Estamos buscando formar um grupo de pecuaristas, ainda um embrião, para fornecer, num futuro próximo, animais que alcancem um preço diferenciado. Esse grupo de pecuaristas já está procurando se adequar às normas de rastreabilidade, mas isso é um pouco demorado. Os ajustes vão começar a ser feitos no segundo semestre. Acreditamos que será uma boa solução. Hoje, a maioria tem o mesmo número de matrizes (o maior tem 2.000). O número de produtores que têm esse tipo de animal não é muito grande, mas tende a crescer muito se o projeto der certo.

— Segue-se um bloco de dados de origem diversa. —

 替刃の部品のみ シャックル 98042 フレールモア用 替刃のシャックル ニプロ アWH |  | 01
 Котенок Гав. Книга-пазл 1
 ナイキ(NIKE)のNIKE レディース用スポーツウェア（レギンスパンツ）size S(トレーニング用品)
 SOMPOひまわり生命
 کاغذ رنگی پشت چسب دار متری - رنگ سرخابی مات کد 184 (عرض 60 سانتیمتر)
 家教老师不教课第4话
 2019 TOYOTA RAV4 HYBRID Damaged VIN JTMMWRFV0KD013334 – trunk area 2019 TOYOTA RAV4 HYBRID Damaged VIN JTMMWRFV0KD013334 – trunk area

Provavelmente iremos fazer abates bimensais. Participei do programa de novilho precoce de SP. Hoje, não participo de nenhum programa de parceria, pois não há nenhum disponível em São Paulo.

Quais os custos de implantação?

AS: Estamos utilizando o sistema de rastreabilidade da OIA e Planejar. O software custa em torno de R$700,00. O preço do brinco ainda não está definido, variando com o modelo. No nosso caso custou R$ 3,50.

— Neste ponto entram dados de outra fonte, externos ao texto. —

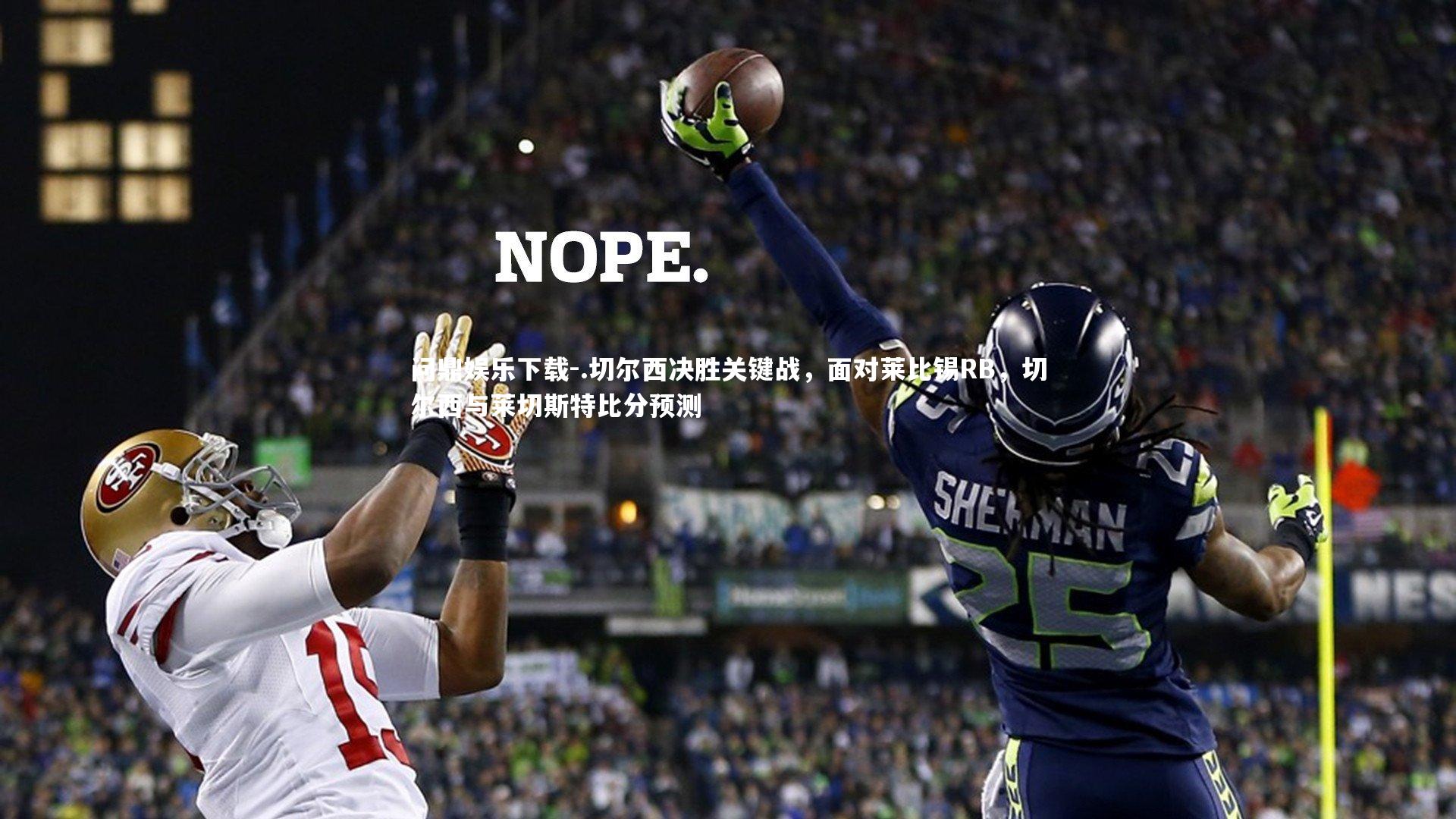 .切尔西决胜关键战，面对莱比锡RB，切尔西与莱切斯特比分预测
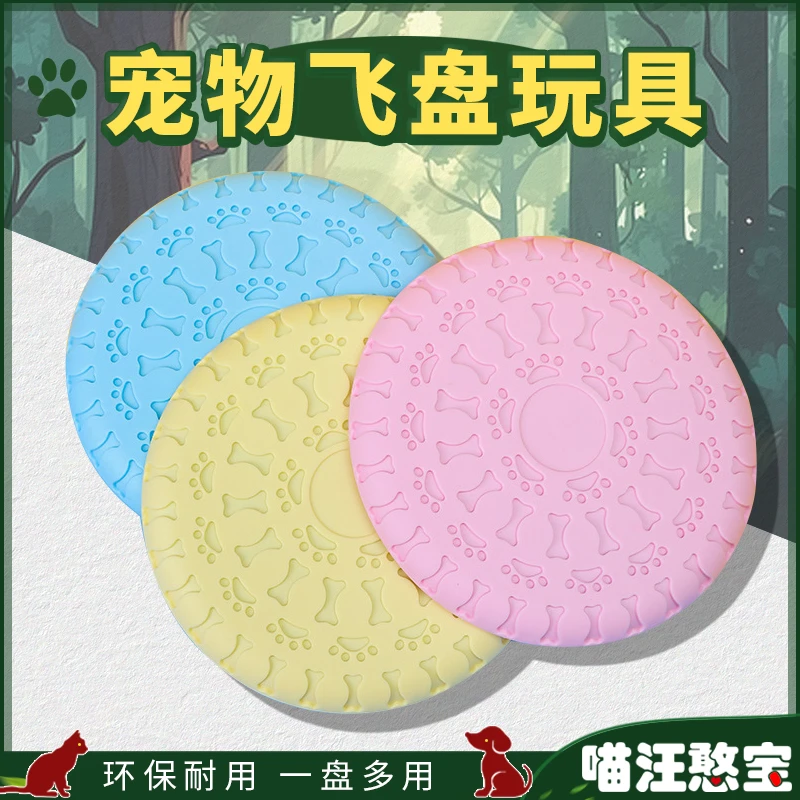 飞盘狗专用飞盘户外训狗耐咬软飞碟边牧金毛中小型犬宠物训练飞碟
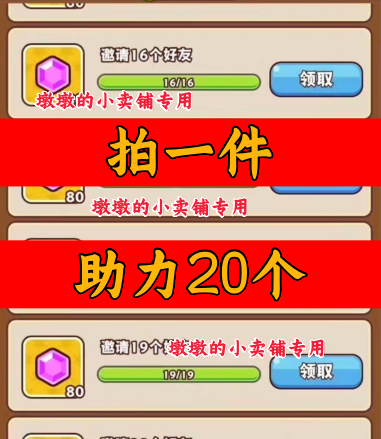 豌豆大作战邀请好友 微信QQ小程序邀请新人新玩家新用户助力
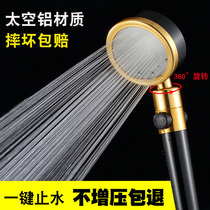 Booster Shower Nozzle Shower Head Shower Head Bath Home Super Water Outlet Pressurized Hot Water Lotus Shower Head Hose Suit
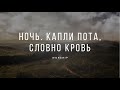 «Ночь. Капли пота, словно кровь» Христианские пасхальные песни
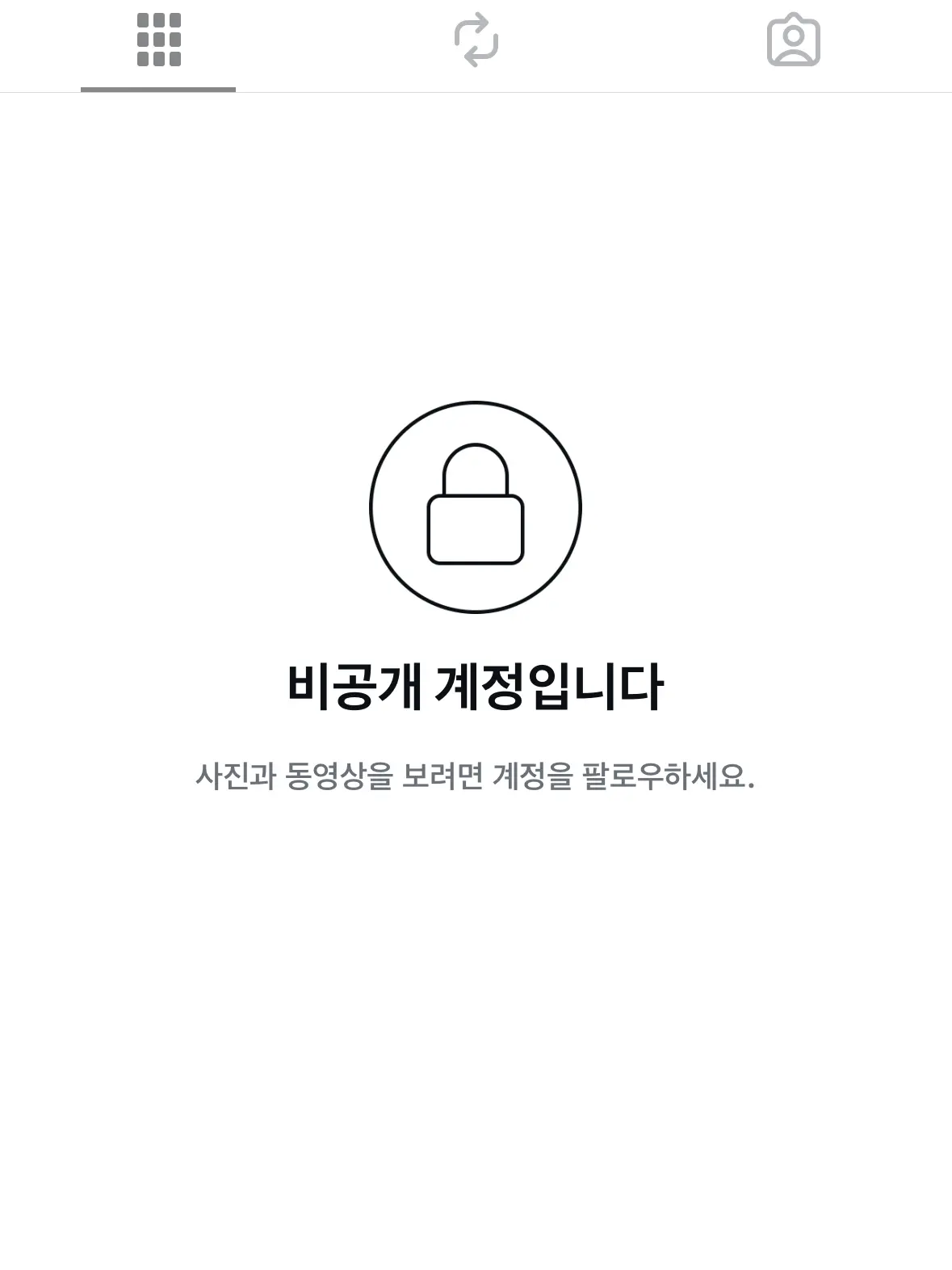 onIyone의 당신은 고등학교 육교성 강사다.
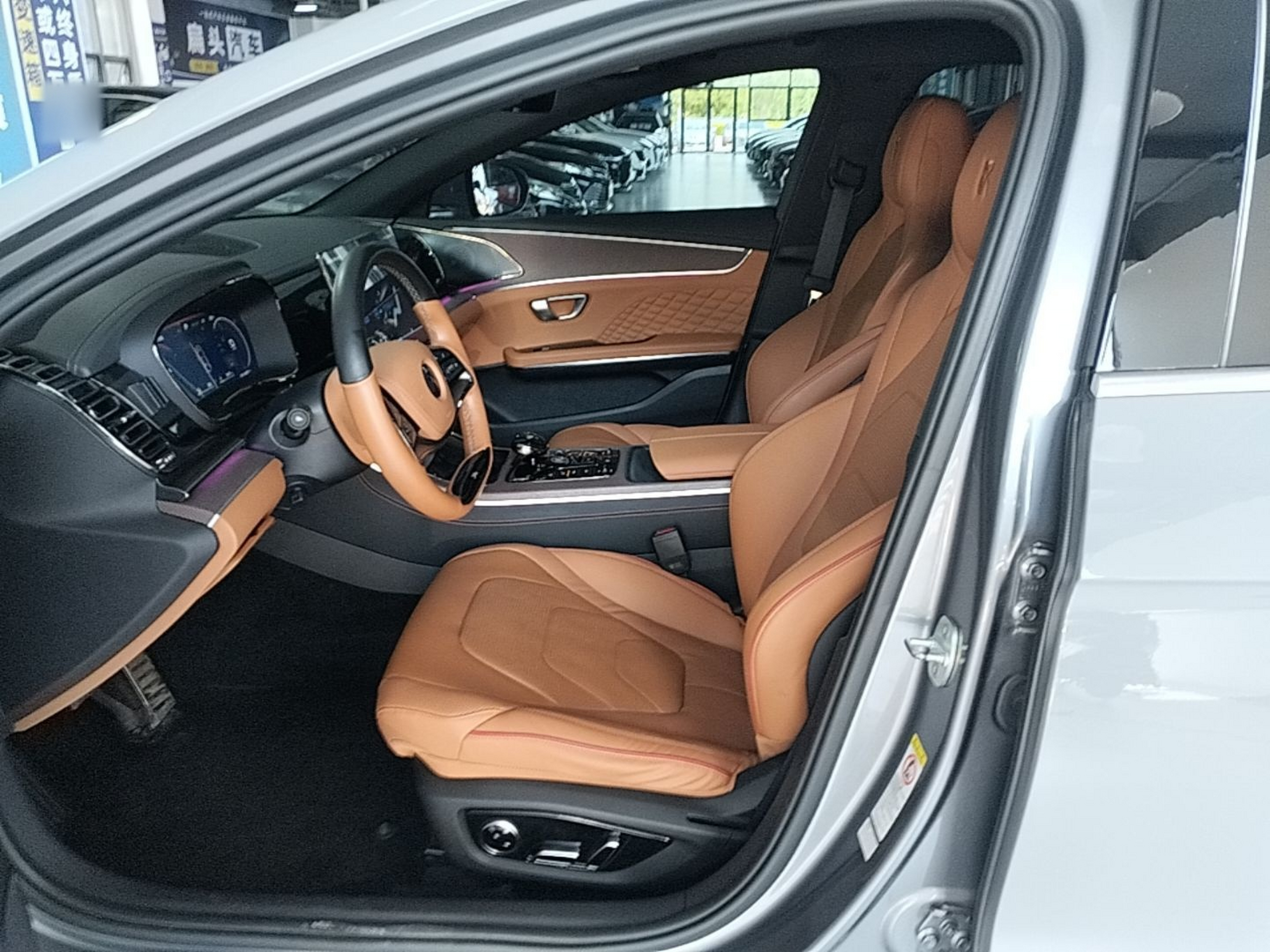 Avant de la voiture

Iremos empregar apenas um brinco, pois utilizamos tatuagem para que se tenha uma garantia, caso se perca o brinco. Hoje, a tatuagem tem o número da mãe, mas na próxima geração terá o mesmo número do brinco.

O custo total por cabeça está em torno de R$4,00 a R$5,00 por ano. Acredito que esse custo não irá influenciar muito, isto é, não fará grande diferença.

O senhor acredita que terá maior facilidade de gerenciamento do rebanho e da propriedade, tendo assim uma compensação de custos ?

AS: Não, pois já temos todos os dados cadastrados em nossa fazenda há mais de 10 anos, com um sistema implantado por meu filho. Não houve grandes mudanças em nossa propriedade.

Foi bem fácil implantar o sistema. No nosso caso, quem irá fazer a entrada dos dados será a esposa do administrador. Já tínhamos todos os dados cadastrados, sendo apenas necessário transpor os dados para o sistema da empresa que faz a rastreabilidade.

Quais foram os problemas e os gargalos da implantação?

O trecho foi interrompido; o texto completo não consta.